Stats from the music products industry (NAMM) have shown that about 22% of the population will attempt to self-teach. This market is shared by DVDs, software, web sites, TV shows and various method books. All of these CAN be used by a dedicated self-learner to achieve proficiency. For a 7 year old – these techniques in their current state have about as much chance of delivering a potent experience as nothing but TV to teach language (it might help, but is not sufficient). Thus, any ideas of plopping my (or most any kid), in front of the most well-constructed program yet devised, are not likely to deliver on the promise of a fulfilling music-making life.
So, if not computer technology, then what? How about real people! Yes, them – the forgotten organic technology capable of incredible diversity and flexibility – well, usually.

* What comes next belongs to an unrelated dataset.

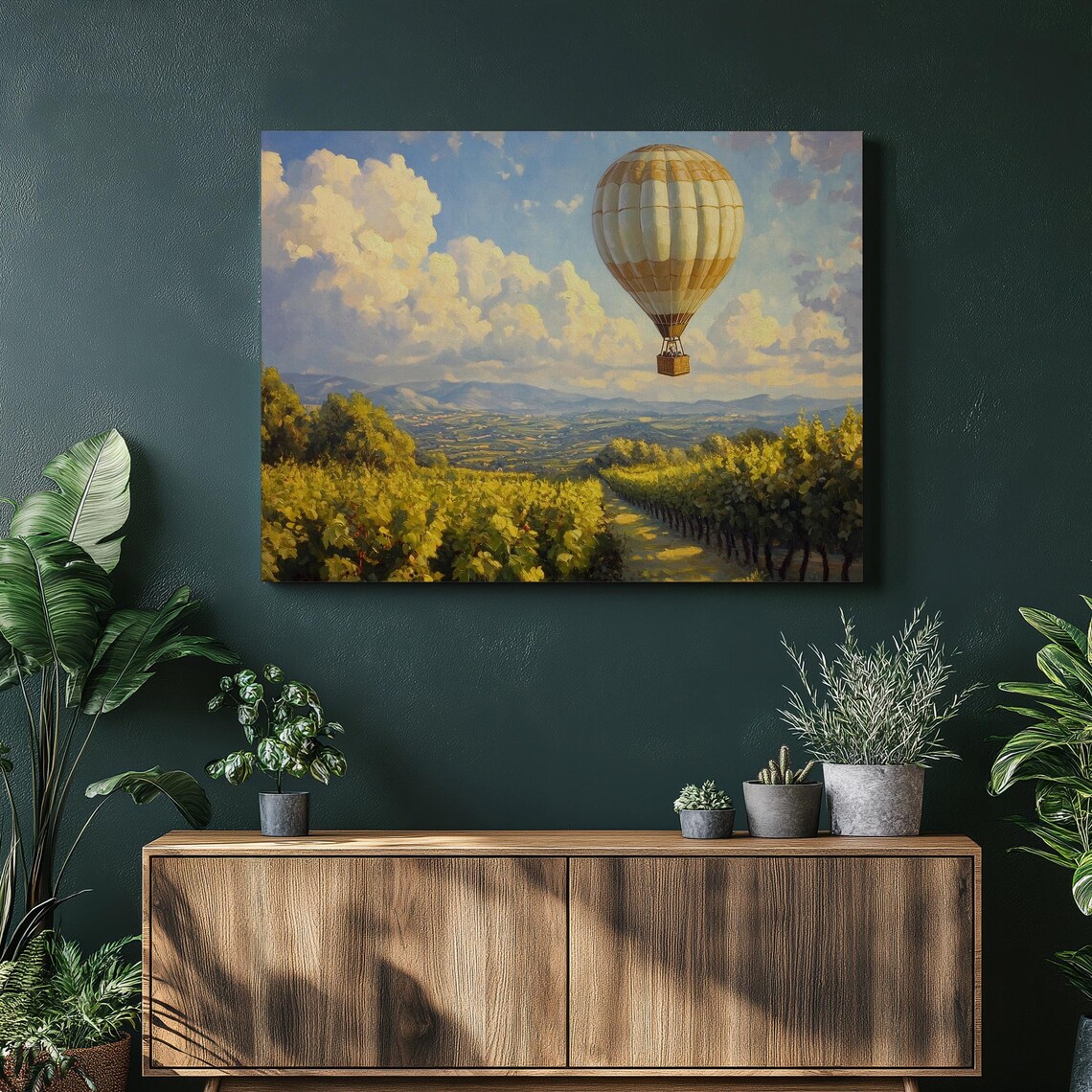 Hot Air Balloon Vineyard Landscape, Contemporary Travel Poster
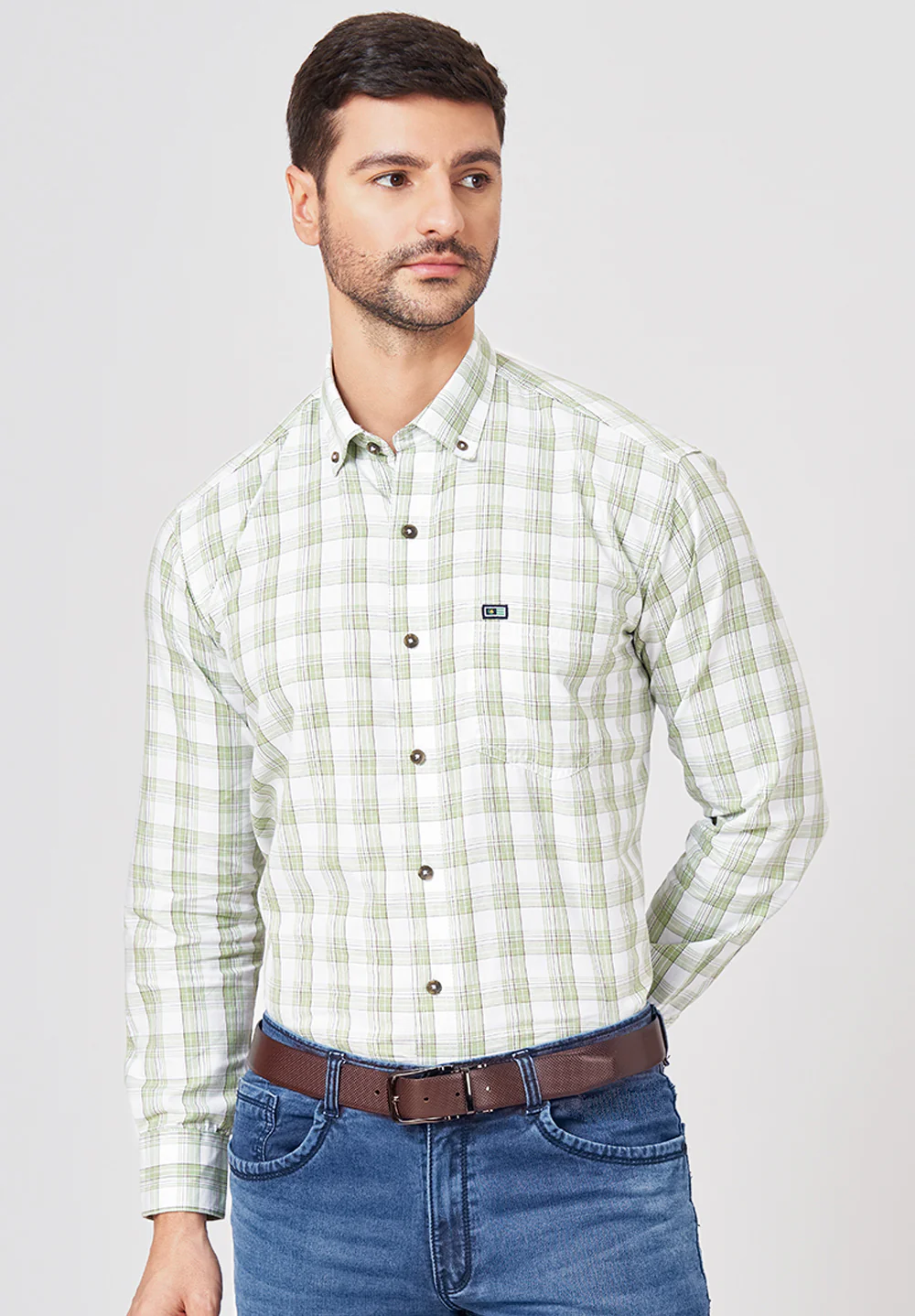 Men Green Smart Fit Formal Shirt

Then, we add technology as appropriate – and voila – a great recipe for helping a 7 year old to achieve music literacy.
My son Spencer is now 7 and 1/2 – and by one sense of reckoning, it’s a good time to start piano lessons. After a fair amount of time in the music education tech business this is going to be the ultimate test of the old entrepreneurial adage to make sure to “eat your own dog food” since in this case, I’m asking my kid to eat some of this dog food. Thus, the stakes are even higher.
This is being captured for two reasons. One, to understand and remember what transpires here for our family and developmental history. Two, for the occasional reader looking for a comparative viewpoint.
When to start lessons is a individualized decision – and while those Tiger Mothers get kids playing Chopin by age 3 – in our house, with two working parents and a physical and active kid like Spencer who’s shown little interest in the piano – we waited until the moment was right. Right for us meant teaching opportunity meets Daylight Savings Time. I’m incredibly fortunate to have met a number of great piano teachers through my work, and I’m even more fortunate that one of the best, Kathy Maskell (link?) was willing to take on Spencer for our grand experiment.
We also considered that the online tools I’d like to incorporate also depend upon the ability to read, and basic computer proficiency.
The experiment you ask? The goal is to see if we could do this via the Internet and by using some of the current and evolving technologies to assist in the process.